Разве что хозяйка посреди зимы с жаром свалилась, пришлось Натке еще и постояльцев принимать, потому что Финоген сам готовил в те дни, хотя мог бы Натку заставить, и она бы поняла его правильно. Но нет, обещал, что на кухне работа ее не касается – и обещание сдержал. Настоящей отрадой для женщины стали сыновья. Пользы от них было куда больше, чем в городе: и по хозяйству помогут, и на рыбалку с мужиками сбегают, и соседям, когда попросят, воды принесут, а уж в «постирочный» день цены им не было: белье дотащат и развесят без возражений. Правда, периодически ныли, что лучше б они в школу ходили и в смартфонах сидели, чем дрова рубить. Безжалостная Натка напомнила им, что в школе есть каникулы, а в деревне нет – напротив, летом работы прибавится. Там огороды да лес, да приезжих больше будет. Стаська с Владькой взвыли и потребовали, чтобы мать обеспечила им право на образование. Клялись не лодырничать, а грызть гранит науки всеми имеющимися зубами. Но вот что странно – домой они не хотели. Здесь, говорили, веселее и воздух чище.
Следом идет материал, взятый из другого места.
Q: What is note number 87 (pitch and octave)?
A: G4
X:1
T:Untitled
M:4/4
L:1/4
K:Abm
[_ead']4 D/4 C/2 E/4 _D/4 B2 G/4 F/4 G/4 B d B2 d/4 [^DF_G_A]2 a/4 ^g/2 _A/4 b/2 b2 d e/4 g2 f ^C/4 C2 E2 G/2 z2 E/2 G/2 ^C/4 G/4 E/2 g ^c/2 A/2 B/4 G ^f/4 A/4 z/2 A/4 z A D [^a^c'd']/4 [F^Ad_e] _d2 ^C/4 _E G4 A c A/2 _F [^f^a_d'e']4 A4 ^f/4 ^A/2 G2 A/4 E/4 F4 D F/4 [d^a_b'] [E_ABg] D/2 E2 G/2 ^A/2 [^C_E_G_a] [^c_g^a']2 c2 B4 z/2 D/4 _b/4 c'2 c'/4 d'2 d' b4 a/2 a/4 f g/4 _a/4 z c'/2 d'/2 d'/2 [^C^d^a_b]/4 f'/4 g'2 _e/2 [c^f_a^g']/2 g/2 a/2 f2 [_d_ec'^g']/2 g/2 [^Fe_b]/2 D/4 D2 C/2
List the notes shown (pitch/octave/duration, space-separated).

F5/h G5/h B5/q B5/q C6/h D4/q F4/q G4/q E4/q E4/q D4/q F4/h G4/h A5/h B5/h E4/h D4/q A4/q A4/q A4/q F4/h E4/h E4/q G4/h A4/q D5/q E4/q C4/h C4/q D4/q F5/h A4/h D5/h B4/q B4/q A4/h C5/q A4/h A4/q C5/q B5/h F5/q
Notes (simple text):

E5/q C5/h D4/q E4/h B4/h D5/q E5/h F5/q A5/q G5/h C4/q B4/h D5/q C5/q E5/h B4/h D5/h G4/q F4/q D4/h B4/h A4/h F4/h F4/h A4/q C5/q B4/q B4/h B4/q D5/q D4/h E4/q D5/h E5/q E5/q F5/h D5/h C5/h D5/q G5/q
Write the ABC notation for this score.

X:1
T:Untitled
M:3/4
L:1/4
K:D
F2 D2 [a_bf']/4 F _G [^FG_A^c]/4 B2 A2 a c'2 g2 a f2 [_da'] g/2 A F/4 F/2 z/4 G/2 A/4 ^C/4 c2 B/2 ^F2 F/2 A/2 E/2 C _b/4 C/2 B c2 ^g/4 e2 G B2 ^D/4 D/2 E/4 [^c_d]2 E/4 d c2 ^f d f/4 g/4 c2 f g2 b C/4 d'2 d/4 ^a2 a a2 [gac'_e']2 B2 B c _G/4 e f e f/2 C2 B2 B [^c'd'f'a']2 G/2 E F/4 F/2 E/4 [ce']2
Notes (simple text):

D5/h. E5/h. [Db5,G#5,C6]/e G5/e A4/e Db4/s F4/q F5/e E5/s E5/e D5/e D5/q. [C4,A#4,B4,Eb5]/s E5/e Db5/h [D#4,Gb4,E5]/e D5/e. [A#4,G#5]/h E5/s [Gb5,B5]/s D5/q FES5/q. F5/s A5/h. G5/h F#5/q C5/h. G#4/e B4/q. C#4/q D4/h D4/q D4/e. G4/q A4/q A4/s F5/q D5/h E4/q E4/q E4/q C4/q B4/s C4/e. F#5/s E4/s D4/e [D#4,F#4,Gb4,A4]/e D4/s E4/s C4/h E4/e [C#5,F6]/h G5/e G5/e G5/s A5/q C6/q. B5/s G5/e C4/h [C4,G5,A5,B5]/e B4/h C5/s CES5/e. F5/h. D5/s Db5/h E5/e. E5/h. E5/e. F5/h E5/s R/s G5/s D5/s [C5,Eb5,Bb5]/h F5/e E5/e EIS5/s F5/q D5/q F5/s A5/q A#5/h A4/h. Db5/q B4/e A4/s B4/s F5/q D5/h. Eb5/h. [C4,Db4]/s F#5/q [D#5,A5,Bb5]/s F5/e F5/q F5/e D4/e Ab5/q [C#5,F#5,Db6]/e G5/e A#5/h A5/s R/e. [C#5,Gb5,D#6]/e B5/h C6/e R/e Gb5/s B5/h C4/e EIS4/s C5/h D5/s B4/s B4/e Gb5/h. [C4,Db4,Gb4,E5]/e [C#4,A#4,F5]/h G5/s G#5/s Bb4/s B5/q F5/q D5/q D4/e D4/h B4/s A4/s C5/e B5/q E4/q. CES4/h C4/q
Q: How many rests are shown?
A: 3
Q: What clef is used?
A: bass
Натка бы еще добавила – и звезды ближе. До чего здесь красивые звезды! Выскочишь ночью в сортир в валенках на босу ногу и в зипуне на плечах, остановишься и забудешь обо всем. Созвездия незнакомые, конечно, но не менее красивые. И за это ночное небо Натка готова была порой все неудобства простить. Подумаешь, мыться в тазиках… подумаешь, туалет на улице… подумаешь… Нет, постирушки в речке и глобальные неудобства в критические дни уже не перекрывались никакими плюсами этого мира.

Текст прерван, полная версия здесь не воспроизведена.